Aquella noche fue retorcida y temerosa, soñó, más bien sufrió, los rigores del terror en vena, sin cortapisas y vivió una pesadilla terrorífica, donde se veía morir, no en sentido figurado, si no real porque de manera extra corpórea dentro de su sueño veía, y sentía, como perdía el fuelle de sus pulmones y los minutos que hubiese tardado en morir asfixiado si hubiese sido una situación real, no soñada, se extendieron a lo largo de dos horas, donde ahogándose, negocio con la parca, que le hacía preguntas de concurso de la tele que, si no savia, le llevarían a la oscuridad total, sin embargo como pasa siempre en una pesadilla donde se ha llegado a un esquinazo sin salida, a un camino sin retorno, al final de una larga caída antes de estrellarse sobre un mar de riscos puntiagudos, se despertó, sudoroso, palpitante, asustado, y con un churrito de pasta negra como la pez surcada de mil rallas paralelas y rojas como hilos de sangre saliendo por un agujero de su nariz.
Asustado corrió al baño y se quito aquel engrudo terrible de su nariz, se lavo con ansia esperando alejar los últimos vahos, y  vapores fugaces de la pesadilla aún fresca, instalada a perpetuidad en sus recuerdos.

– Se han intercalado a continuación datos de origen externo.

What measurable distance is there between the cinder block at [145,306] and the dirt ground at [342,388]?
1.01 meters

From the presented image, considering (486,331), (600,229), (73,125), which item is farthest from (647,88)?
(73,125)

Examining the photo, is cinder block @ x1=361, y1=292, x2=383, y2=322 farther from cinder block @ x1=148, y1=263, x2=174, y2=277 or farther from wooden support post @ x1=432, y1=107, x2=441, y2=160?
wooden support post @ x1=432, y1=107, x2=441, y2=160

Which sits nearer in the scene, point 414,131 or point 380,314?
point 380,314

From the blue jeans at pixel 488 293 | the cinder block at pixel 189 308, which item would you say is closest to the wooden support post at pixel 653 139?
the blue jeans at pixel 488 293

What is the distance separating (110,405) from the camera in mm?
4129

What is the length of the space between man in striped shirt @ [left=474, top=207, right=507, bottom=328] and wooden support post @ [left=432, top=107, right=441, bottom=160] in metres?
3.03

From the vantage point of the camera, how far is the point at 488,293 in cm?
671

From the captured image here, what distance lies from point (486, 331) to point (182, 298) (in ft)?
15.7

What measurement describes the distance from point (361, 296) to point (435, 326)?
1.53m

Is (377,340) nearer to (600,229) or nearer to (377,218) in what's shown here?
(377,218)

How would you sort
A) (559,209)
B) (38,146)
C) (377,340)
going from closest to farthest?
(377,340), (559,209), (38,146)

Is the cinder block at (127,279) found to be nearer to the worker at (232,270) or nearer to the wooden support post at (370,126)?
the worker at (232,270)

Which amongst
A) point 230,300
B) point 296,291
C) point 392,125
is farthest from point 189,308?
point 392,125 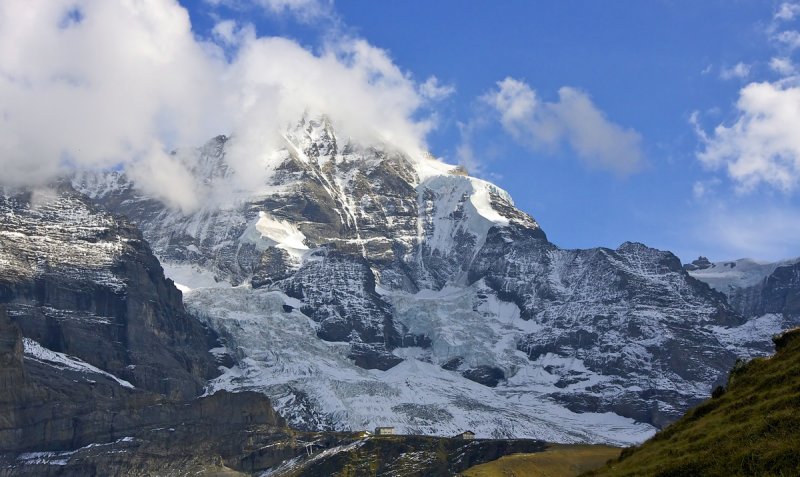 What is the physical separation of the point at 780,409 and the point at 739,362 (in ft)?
75.6

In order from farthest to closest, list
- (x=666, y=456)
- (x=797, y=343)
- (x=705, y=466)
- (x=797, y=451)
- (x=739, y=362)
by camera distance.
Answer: (x=739, y=362) < (x=797, y=343) < (x=666, y=456) < (x=705, y=466) < (x=797, y=451)

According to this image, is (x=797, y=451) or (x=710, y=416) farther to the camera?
(x=710, y=416)

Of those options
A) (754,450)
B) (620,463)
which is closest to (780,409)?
(754,450)

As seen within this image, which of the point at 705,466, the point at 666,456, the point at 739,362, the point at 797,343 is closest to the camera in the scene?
the point at 705,466

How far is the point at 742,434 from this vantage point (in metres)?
62.7

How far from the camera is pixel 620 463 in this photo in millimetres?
76688

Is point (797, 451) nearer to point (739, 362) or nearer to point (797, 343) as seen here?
point (797, 343)

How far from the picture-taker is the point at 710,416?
71938 millimetres

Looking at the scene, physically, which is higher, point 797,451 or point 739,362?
point 739,362

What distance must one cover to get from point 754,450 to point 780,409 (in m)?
4.23

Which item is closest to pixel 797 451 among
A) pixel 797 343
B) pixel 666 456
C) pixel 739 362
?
pixel 666 456

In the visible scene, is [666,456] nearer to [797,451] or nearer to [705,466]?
[705,466]

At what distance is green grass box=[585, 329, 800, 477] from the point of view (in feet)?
193

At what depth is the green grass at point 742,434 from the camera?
5894 cm
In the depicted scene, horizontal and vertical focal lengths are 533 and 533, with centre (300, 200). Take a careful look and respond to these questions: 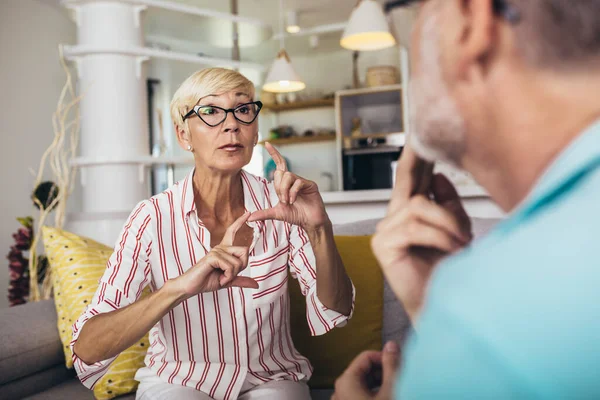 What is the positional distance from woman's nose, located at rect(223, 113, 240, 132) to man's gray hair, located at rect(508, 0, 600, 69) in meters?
0.95

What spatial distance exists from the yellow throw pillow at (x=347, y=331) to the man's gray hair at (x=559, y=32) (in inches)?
49.4

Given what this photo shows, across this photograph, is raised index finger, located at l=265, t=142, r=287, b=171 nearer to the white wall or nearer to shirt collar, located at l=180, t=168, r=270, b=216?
shirt collar, located at l=180, t=168, r=270, b=216

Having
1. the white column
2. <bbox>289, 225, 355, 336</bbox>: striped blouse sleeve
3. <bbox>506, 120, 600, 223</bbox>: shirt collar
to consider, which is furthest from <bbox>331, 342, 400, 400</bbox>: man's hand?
the white column

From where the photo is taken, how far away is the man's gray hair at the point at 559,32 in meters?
0.36

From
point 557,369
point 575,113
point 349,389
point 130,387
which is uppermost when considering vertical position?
point 575,113

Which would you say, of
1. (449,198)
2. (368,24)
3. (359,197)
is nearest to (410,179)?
(449,198)

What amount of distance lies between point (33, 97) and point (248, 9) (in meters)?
2.29

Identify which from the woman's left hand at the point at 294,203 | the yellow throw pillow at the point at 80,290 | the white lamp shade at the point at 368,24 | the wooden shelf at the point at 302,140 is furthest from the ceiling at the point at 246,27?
the woman's left hand at the point at 294,203

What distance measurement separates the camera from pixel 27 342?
1.52 meters

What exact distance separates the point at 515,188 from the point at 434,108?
90 millimetres

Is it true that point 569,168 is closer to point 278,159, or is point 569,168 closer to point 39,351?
point 278,159

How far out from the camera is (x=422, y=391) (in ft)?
1.16

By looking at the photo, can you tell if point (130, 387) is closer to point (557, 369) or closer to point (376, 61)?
point (557, 369)

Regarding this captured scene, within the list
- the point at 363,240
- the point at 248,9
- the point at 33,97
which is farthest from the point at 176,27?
the point at 363,240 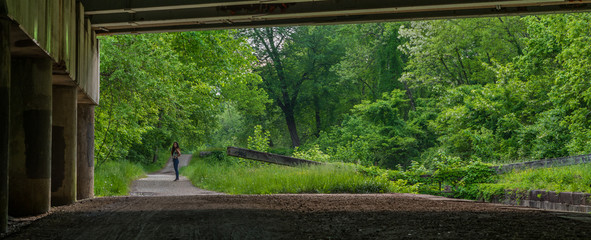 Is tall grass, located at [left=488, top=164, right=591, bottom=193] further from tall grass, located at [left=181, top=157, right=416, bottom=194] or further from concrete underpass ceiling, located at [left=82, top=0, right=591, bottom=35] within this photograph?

Más calmado se volvió a dormir, no faltaban más de tres horas para que el despertador, como el gong, de un cuadrilátero, sonase para devolverle a su aburrida verdad.
Cuando, legañoso se miro en el espejo del baño, se encontró que salía del otro oído un churrito rosa, con hilitos verde hierva, los cogió con mimo, como si tomase con su dedo la fragilidad y filigrana vital de una oruga, pero una muy especial, entonces vio la porquería negra con filamentos rojos que estaba tirada en su lavabo, y estuvo tentado de abrir el grifo y terminar con todo aquello, pero no lo hizo, recogió la materia negra de las pesadillas y la guardo en otro “Tupperware”, como la sustancia valiosísima que realmente era, después hizo lo mismo con la pasta rosa rallada de verde, y también la guardo, pero antes cogió con la punta del cuchillo una pizca y la probó.

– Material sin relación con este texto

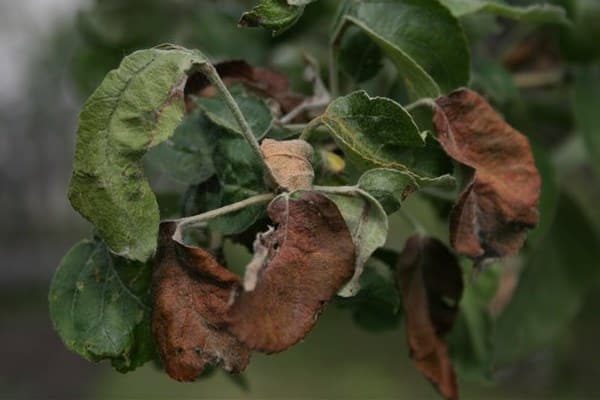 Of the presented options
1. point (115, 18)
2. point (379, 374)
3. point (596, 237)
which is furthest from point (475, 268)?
point (379, 374)

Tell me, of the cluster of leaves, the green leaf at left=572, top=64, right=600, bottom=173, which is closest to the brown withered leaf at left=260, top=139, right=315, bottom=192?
the cluster of leaves

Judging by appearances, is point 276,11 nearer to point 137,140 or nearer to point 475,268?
point 137,140

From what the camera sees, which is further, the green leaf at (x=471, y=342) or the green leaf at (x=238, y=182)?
the green leaf at (x=471, y=342)

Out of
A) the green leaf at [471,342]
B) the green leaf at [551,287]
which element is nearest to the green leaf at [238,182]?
the green leaf at [471,342]

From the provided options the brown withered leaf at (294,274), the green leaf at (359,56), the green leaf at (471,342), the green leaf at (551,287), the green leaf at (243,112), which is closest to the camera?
the brown withered leaf at (294,274)

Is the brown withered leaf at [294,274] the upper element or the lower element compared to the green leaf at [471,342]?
upper

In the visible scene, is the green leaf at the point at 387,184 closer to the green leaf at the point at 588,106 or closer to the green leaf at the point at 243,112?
the green leaf at the point at 243,112

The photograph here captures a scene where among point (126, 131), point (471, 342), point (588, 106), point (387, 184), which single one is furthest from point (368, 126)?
point (588, 106)

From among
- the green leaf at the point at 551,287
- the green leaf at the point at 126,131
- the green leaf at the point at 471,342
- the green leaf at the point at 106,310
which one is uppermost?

Se vio corriendo desnudo por un prado, que lejos de ser áspero como lo sería uno de verdad, repleto de palitos, piedrecitas puntiagudas, hiervas secas y pinchantes, tan blando y suave como si se tratase de un prado de filamentos espumosos de suave seda, y sin calor ni frio, saltaba, como en una cama elástica, con las  caricias reincidentes de la espuma de mar.

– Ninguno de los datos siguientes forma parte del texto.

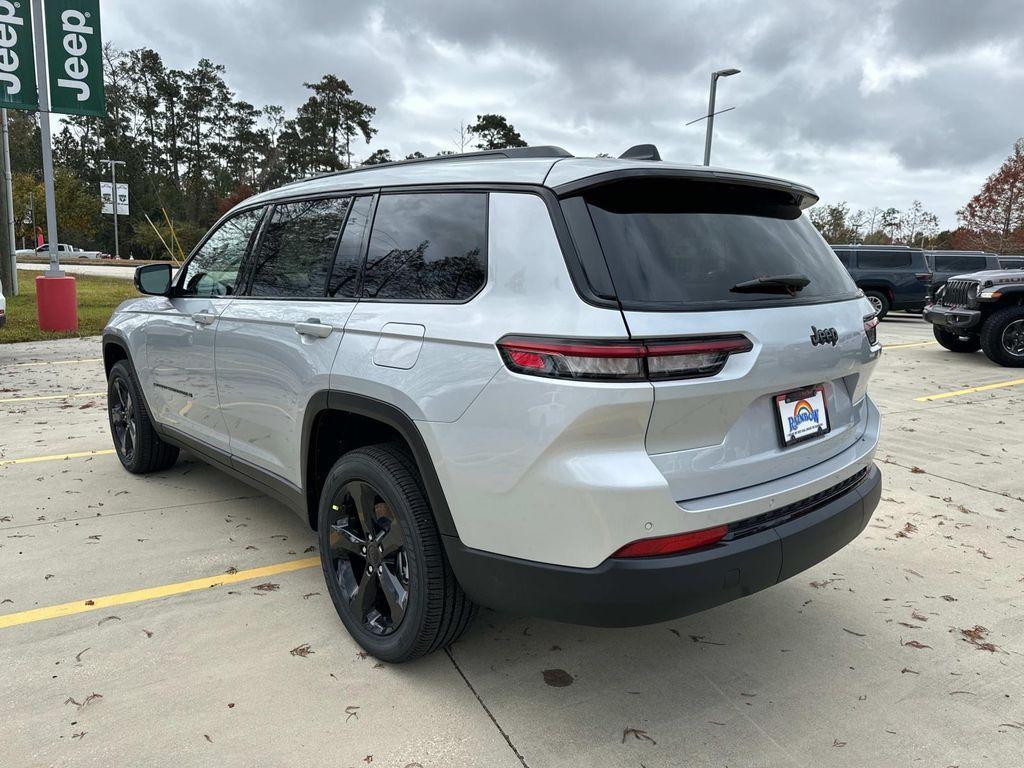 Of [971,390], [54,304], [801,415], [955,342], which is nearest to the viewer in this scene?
[801,415]

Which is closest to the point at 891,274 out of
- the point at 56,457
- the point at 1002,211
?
the point at 56,457

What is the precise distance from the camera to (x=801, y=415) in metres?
2.40

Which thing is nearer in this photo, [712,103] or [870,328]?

Al regreso a la realidad de la frialdad de los baldosines que sus pies desnudos en su cuarto de baño, se dio cuenta del potencial de su descubrimiento, corrió a la cocina y con el mismo cuchillo pellizco un poquito de la pasta azul del primer día, guardada en la nevera, un poco de la rosa y un fracción microscópica de la negra.
Se vio de pronto asfixiado por una hidra revitalizada con siete cabezas, de un jefe voraz mientras él, contestaba en un susurro ahogado, ya sin aire, las preguntas que la Hidra le hacía, lo hizo entre toses y agonía, ya no tenía espadas ni cartabones, solo la palabra, pero está, tampoco acudía en su ayuda, porque la hidra le asfixiaba con una de sus manos, sin embargo la pócima rosa hizo también su efecto y sus fuerzas renovadas vencieron a sus terrores y por fin pudo descansar junto a las becarias valquiria en los prados verdes y mollujosos de su felicidad.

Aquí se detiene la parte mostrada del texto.